Former poet laureate Maya Angelou, who died Tuesday, spoke at least twice in the Capital Region and left a lasting impression.
Those lucky enough to meet her during her visits described her as a compelling, charismatic figure and a force for change.
Angelou was a featured speaker at Union College’s Presidential Forum on Diversity lecture series in 2007.
Gretchel Hathaway, chief diversity officer for the college, said the event was held in the largest facility on campus, but the crowd — which she estimated to be at least 400 strong — spilled into the surrounding yard. Despite the size of the audience, Angelou made the gathering seem intimate.
“You almost felt like you were in her living room and she was just having a conversation with you,” Hathaway recalled.
During her presentation, Angelou shared anecdotes and poems with what Hathaway interpreted as a mission to empower the audience.
“It was more of giving us the right, the privilege or the responsibility of making sure that we understood we have the power to make change and that if we see something that’s going on that makes us uncomfortable, that hurts somebody else, we should use that power to make change,” she explained.
Angelou addressed a crowd of more than 2,000 at Skidmore College on March 8, 1993, less than two months after she read her poem “On the Pulse of Morning” at the first inauguration of President Bill Clinton.
“The gymnasium was packed,” recalled Mary Zeiss Stange, a professor of gender studies and director of the religion program at Skidmore. “She addressed the crowd briefly but potently.”
During her presentation, Angelou treated attendees to a mix of poetry, songs and personal anecdotes.

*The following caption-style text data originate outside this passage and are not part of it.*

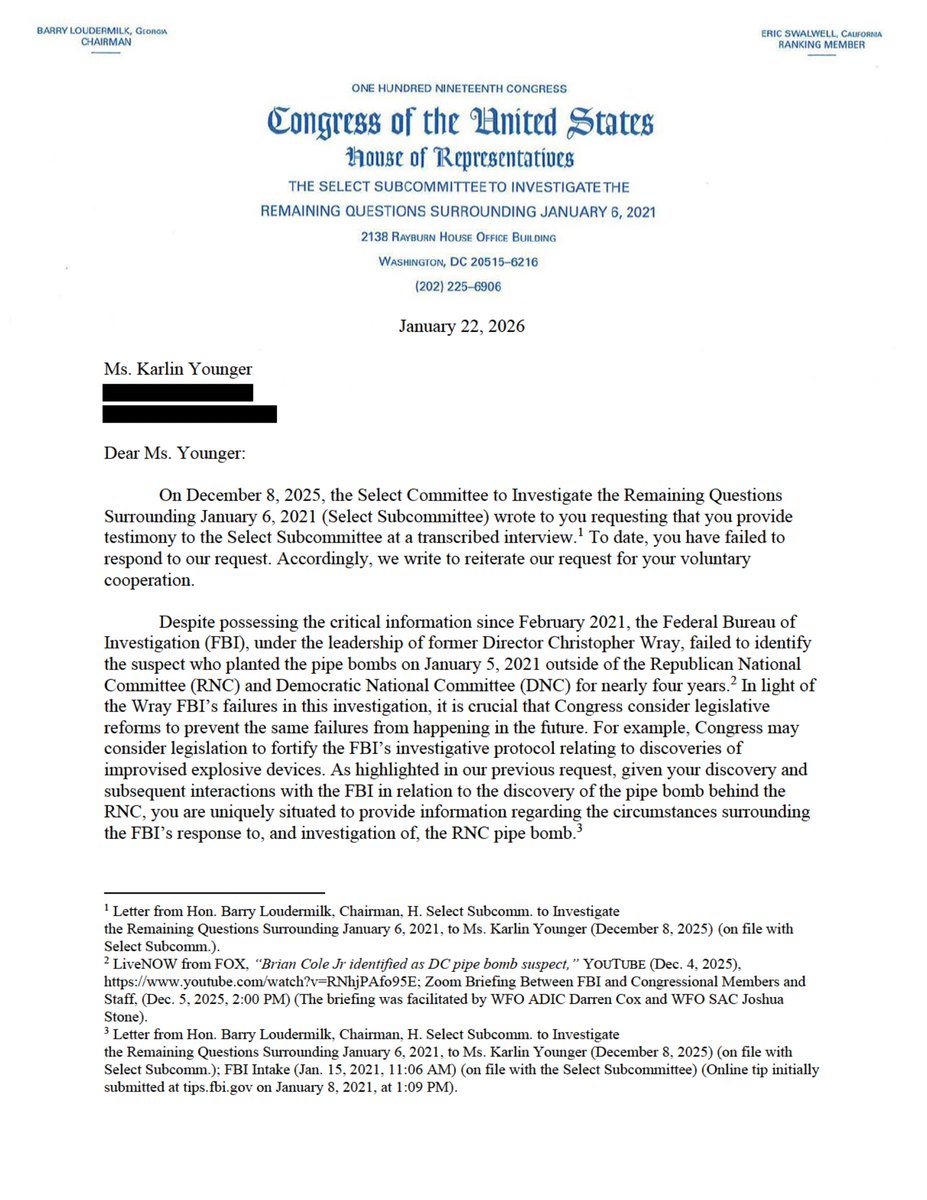 Select Subcommittee on January 6th tweet media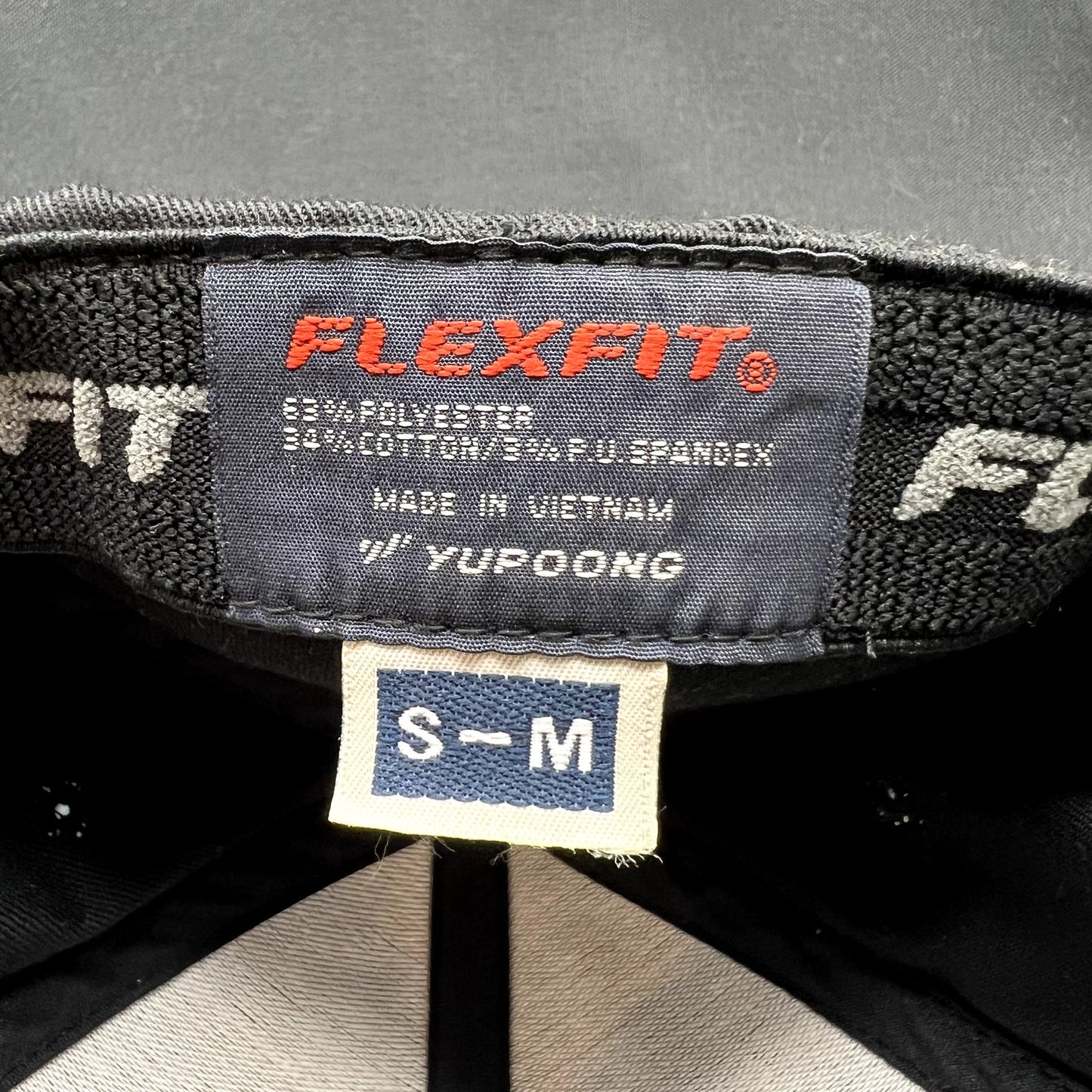 SpaceX Falcon Heavy Flexfit Hat Black Red Yupoong S/M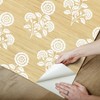 Brewster Flourish Block Print Wheat Faux Grasscloth Peel and Stick 1pc Wallpaper - 2 of 4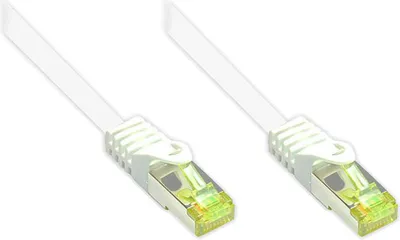 Image de Good Connections 8070R-005W Good Connections Patchkabel m. Cat.7 Rohkabel  weiß 0,5m
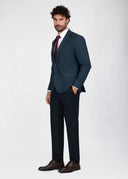 Mismatch Notch Lapel Suit - Navy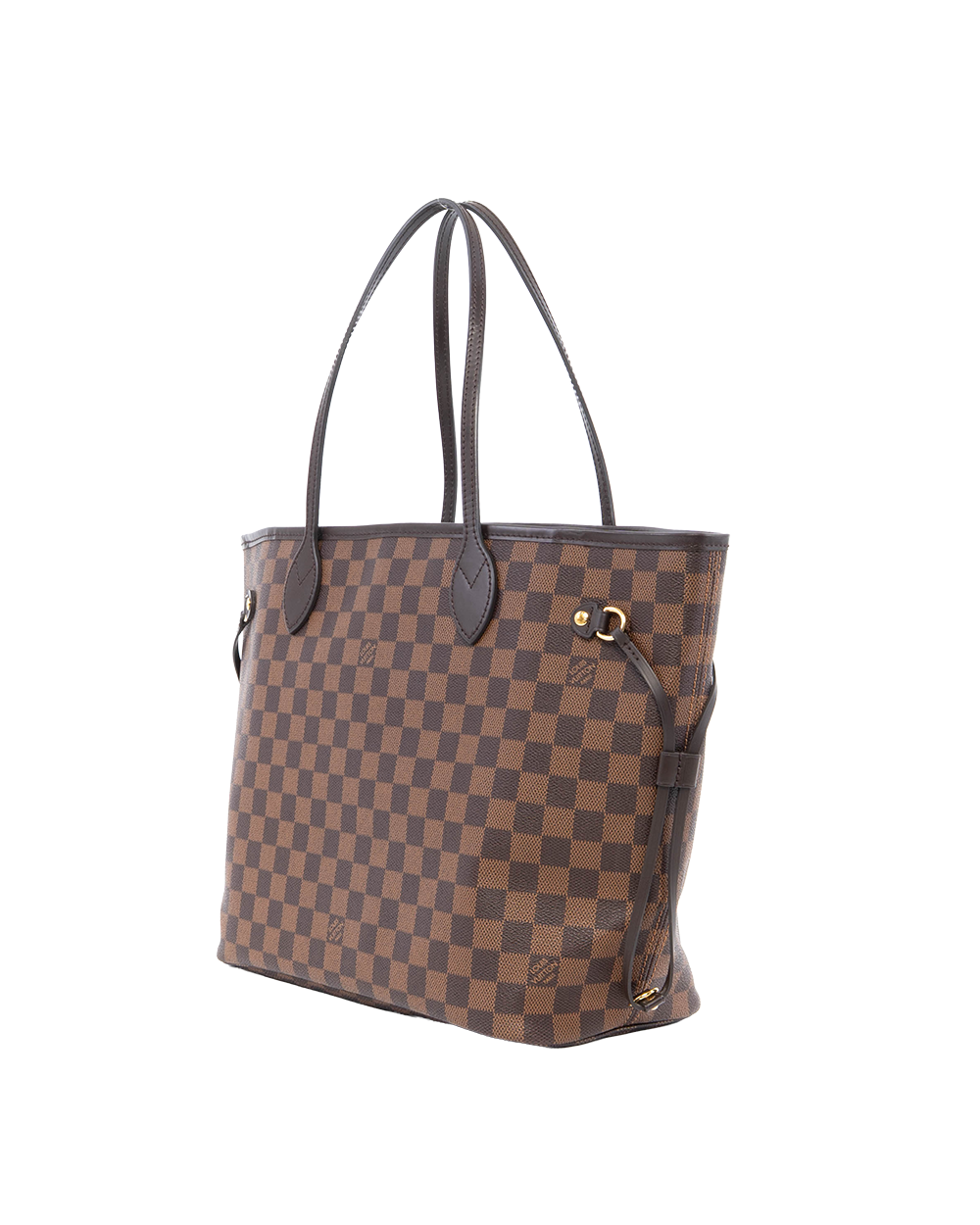 LV NEVERFULL MM BROWN DAMIER CANVAS GHW MICROCHIP 0004
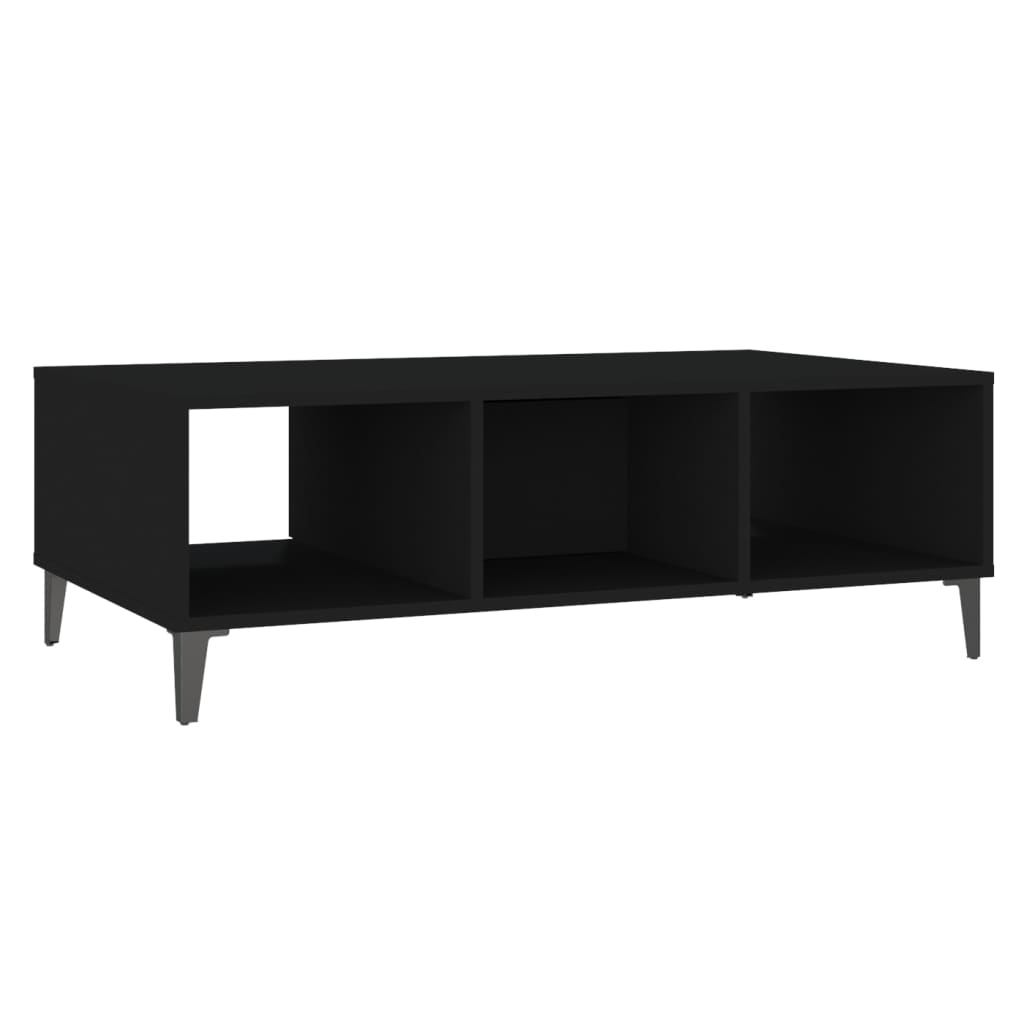 Tavolino da Salotto Nero 103,5x60x35 cm in Legno Multistrato | homemem39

According to a Daily Gazette article, the tone of the event was set when “more than 2,000 people who were gathered in the college sports center stood and cheered as Angelou and a group of college officials and students sang ‘Amazing Grace’ while walking to the stage.”
Phyllis A. Roth, Skidmore’s acting president at the time, bestowed on Angelou an honorary doctor of letters degree during the event.
At the time of Angelou’s appearance, Stange was director of Skidmore’s Women’s Studies program and, as such, was appointed to escort Angelou to the Albany Airport the morning after her presentation.
“That morning was a gray sky, snowy morning, but I do remember it was one of those mornings where the early morning light was breaking through the clouds,” Stange recalled. “She talked about the light and that led her to some free-associating about the power of sense impressions and the power of sound, the power of poetry and music, even when you can’t attribute meaning to it.”
She called the time spent with Angelou “very real time.”
“I don’t think that Maya Angelou was comfortable with the idea of just making pleasantries or just passing time,” she said.
Terry Diggory, retired chairman of Skidmore’s English department, also met Angelou when she visited Skidmore. He described her as “the personification of dignity.”
“But it was kind of collective dignity, because she kind of commanded respect from you, but she also did that by way of conveying her respect for you. And she was also a very warm person,” he explained.
During her speech, he said Angelou talked about the importance of keeping education unsegregated.
“She spoke directly to the African-American students in the audience and said, ‘You go to that library and you claim Shakespeare for yourself,’ that is, don’t feel there is only one tradition which can speak to you, but claim the entire tradition of world literature for yourself,” he recounted. “I thought that was tremendously generous and expansive, in terms of her vision.”